Secondly, since enterprises require high availability for clusters, the master nodes are generally configured as 3 nodes. The most important component is the maintenance of the etcd key-value cluster. One confusing aspect for enterprises is that as long as there are more than 3 master nodes, our system is highly available, but that is not the case. If the 3 master nodes are placed in the same network area, when this network area experiences instability, the service will still have problems. The solution is to place the masters in 3 different network areas to achieve fault tolerance and high availability.

In addition, there are also a large number of enterprises with limited server capacity, such as around 5-6 nodes, who also want to use Kubernetes clusters. It may feel wasteful to allocate 3 nodes as master nodes without running any business. At this time, I think a lightweight Kubernetes cluster system should be used. Here, I recommend the K3s cluster system, which cleverly compiles all core components into a single binary program, requiring only 40MB to deploy.

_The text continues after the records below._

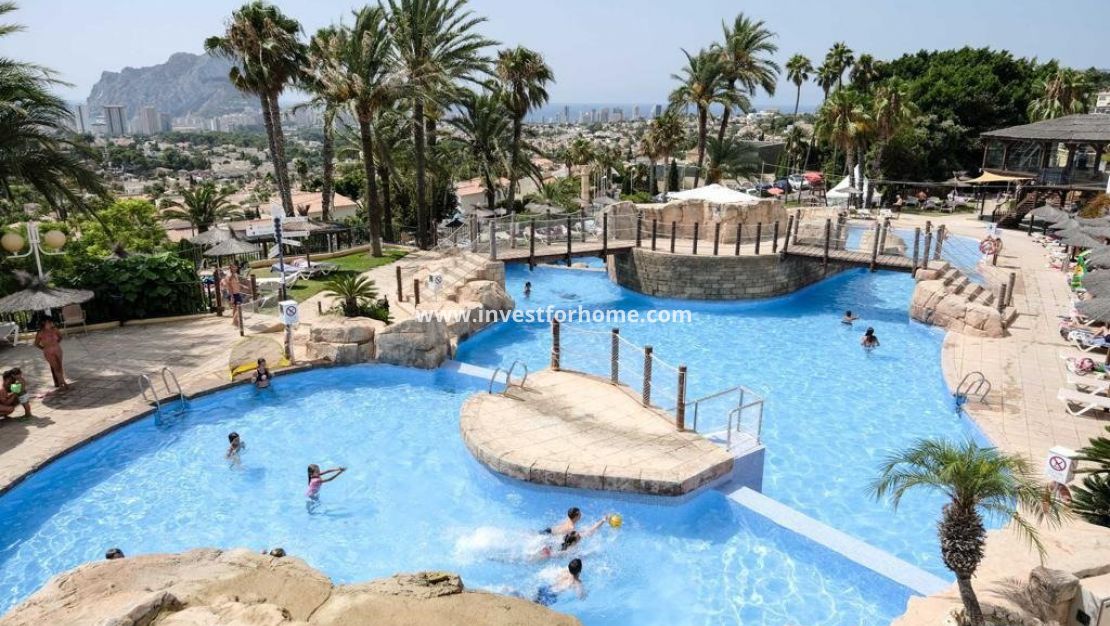 Vente - Bungalow - Calpe - Gran Sol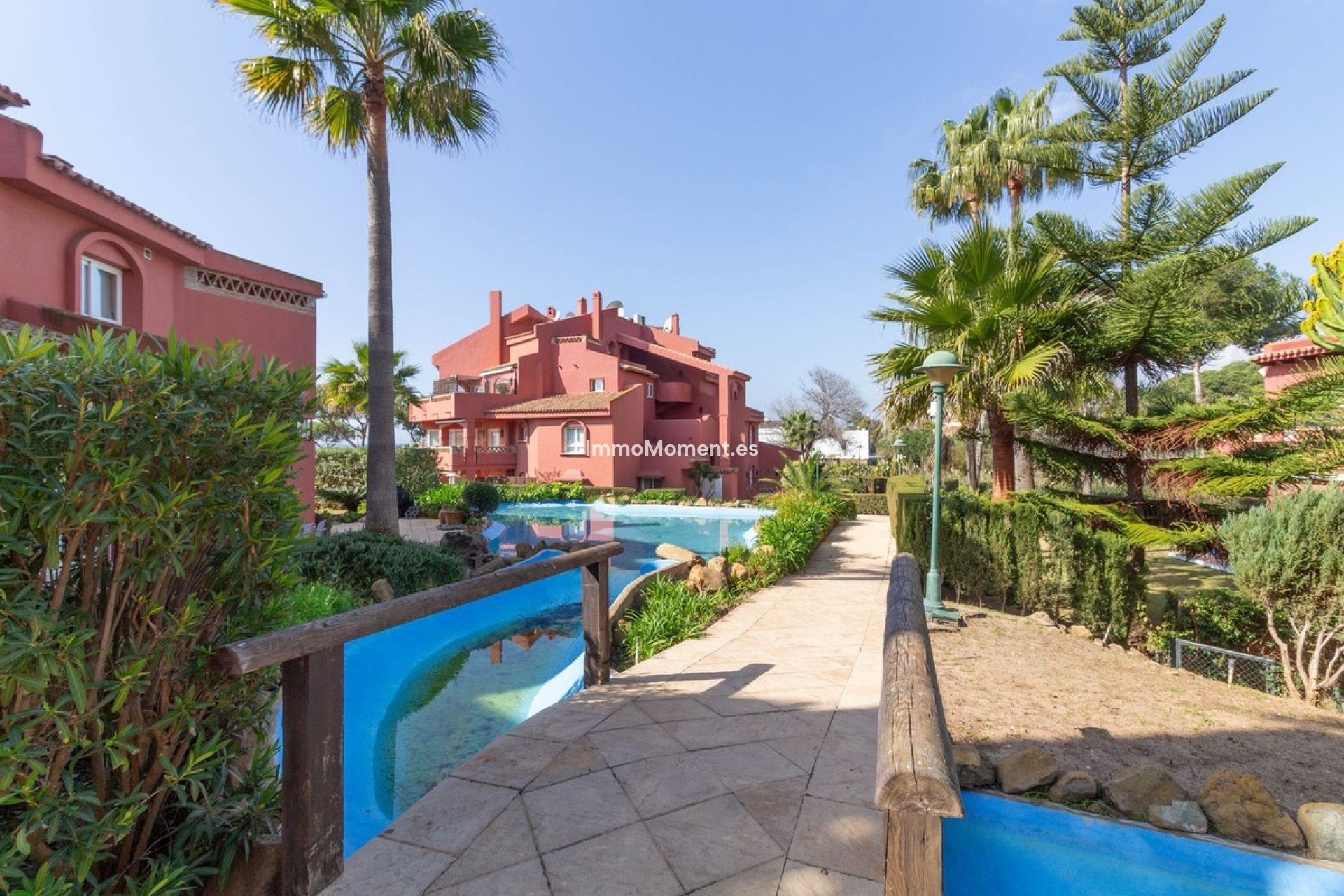 Bestaande woning - Appartement - Marbella - Elviria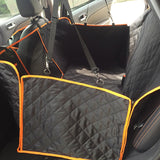 Waterproof Pet Car Seat Cushion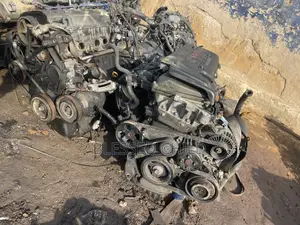Toyota Camry 2004 Engine and Gear Box 2az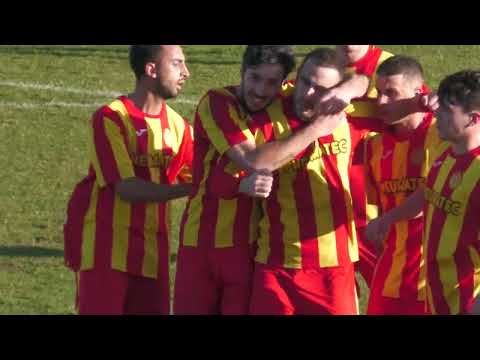 Highlights Gabicce Gradara vs Vismara 2008 1-2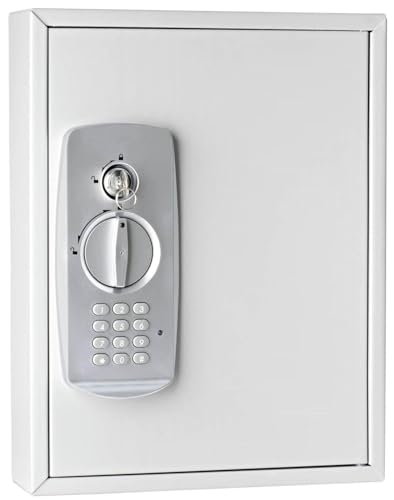 Silverline Schlüsselschrank Für 20 Schlüssel - 3 Produktbild-Vorschau 10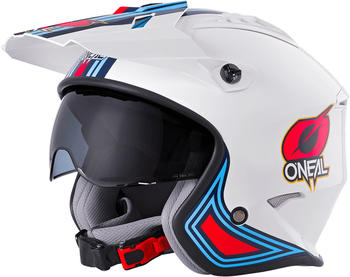 O'Neal Volt MN1 White/Red/Blue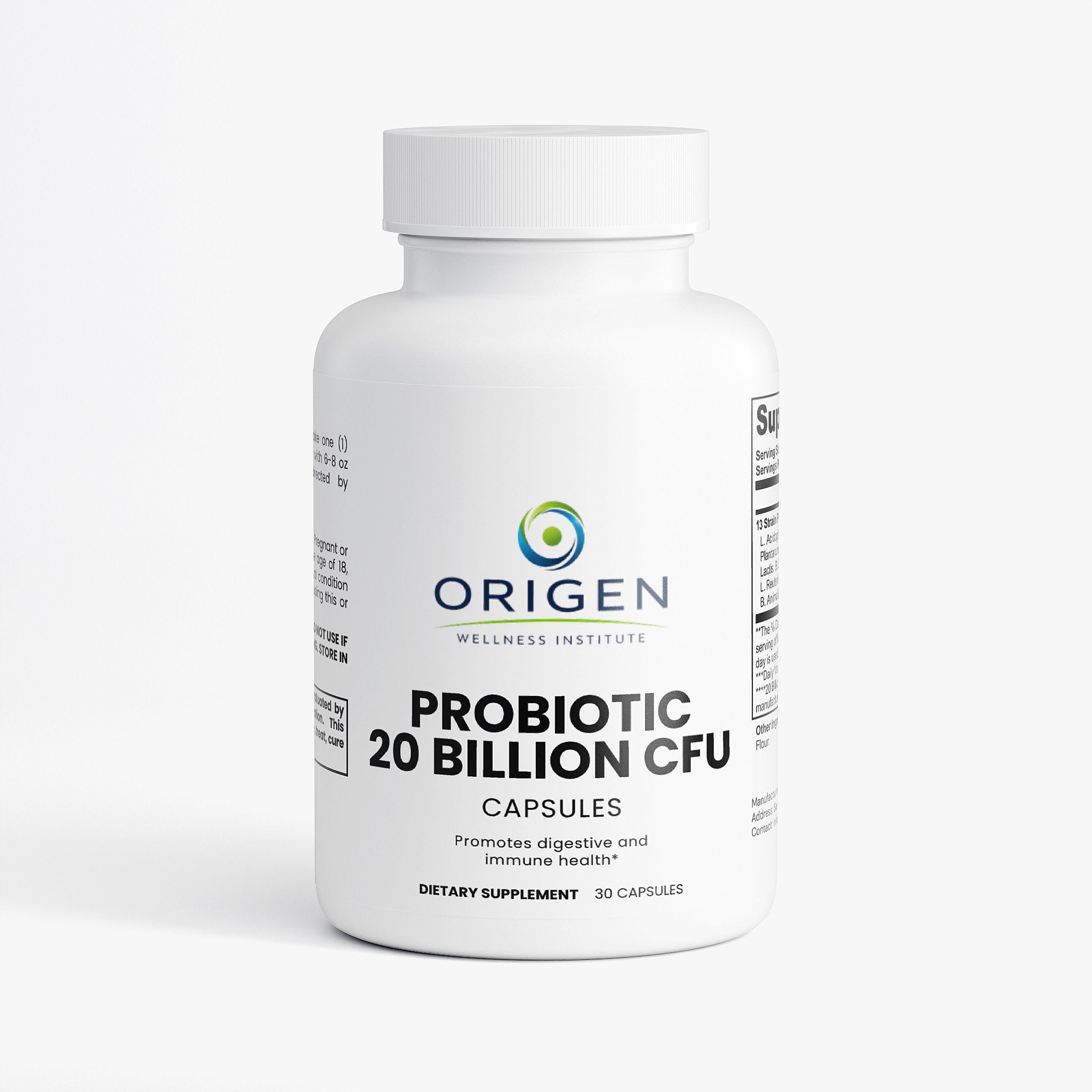 Probiotic 20 Billion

Although this cluster is a single-node version, the business hosted on the Kubernetes cluster’s nodes can still be accessed even if the master node fails. We only need to deploy multiple nodes for the business to perfectly match this single-node cluster. Enterprises can flexibly adopt this solution according to their needs.

In summary, I believe that implementing Kubernetes in an enterprise presents certain technical challenges, and DevOps needs to face these challenges head-on and choose reasonable solutions based on the implementation situation.